One cohort study was identified [67] (Supplement 5, Table 22). Bowel sounds are frequently absent in mechanically ventilated patients and this is associated with impaired outcome [68]. The concept that bowel sounds must be present before initiation of enteral feeding is not based on evidence and should be abandoned [69]. After laparotomy small intestinal motility is frequently preserved despite gastric and colonic paresis. The small intestine may contract silently (absence of gas), while feeding is well tolerated [69]. Gastric and colonic paresis may effectively be treated with prokinetics [70]. Initiation of EN in absence of bowel sounds might be associated with earlier return of bowel sounds, fewer episodes of vomiting, and shorter ICU and hospital stay [67].

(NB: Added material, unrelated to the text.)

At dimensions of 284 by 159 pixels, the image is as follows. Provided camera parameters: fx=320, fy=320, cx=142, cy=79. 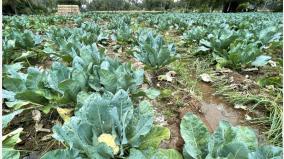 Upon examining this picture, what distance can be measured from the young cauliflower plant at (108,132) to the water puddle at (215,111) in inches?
28.6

Question 23: Should we delay EN in patients with diarrhoea?

There were no studies testing delay of EN in case of diarrhoea, but diarrhoea is often considered as a reason to delay EN [71]. Prevalence of diarrhoea in unselected ICU population is between 14 and 21% [72, 73]. Causes include impaired digestion/absorption, bacterial overgrowth or infection such as Clostridium difficile. Observational studies [74, 75] suggest that diarrhoea can be effectively managed with protocolised measures other than immediate cessation in EN. We recommend analysing the causes of diarrhoea and treat appropriately (e.g. C. difficile colitis). We also suggest considering treating bacterial overgrowth by selective decontamination, fibre-enriched or semi-elementary diet or digestive enzymes to reduce diarrhoea.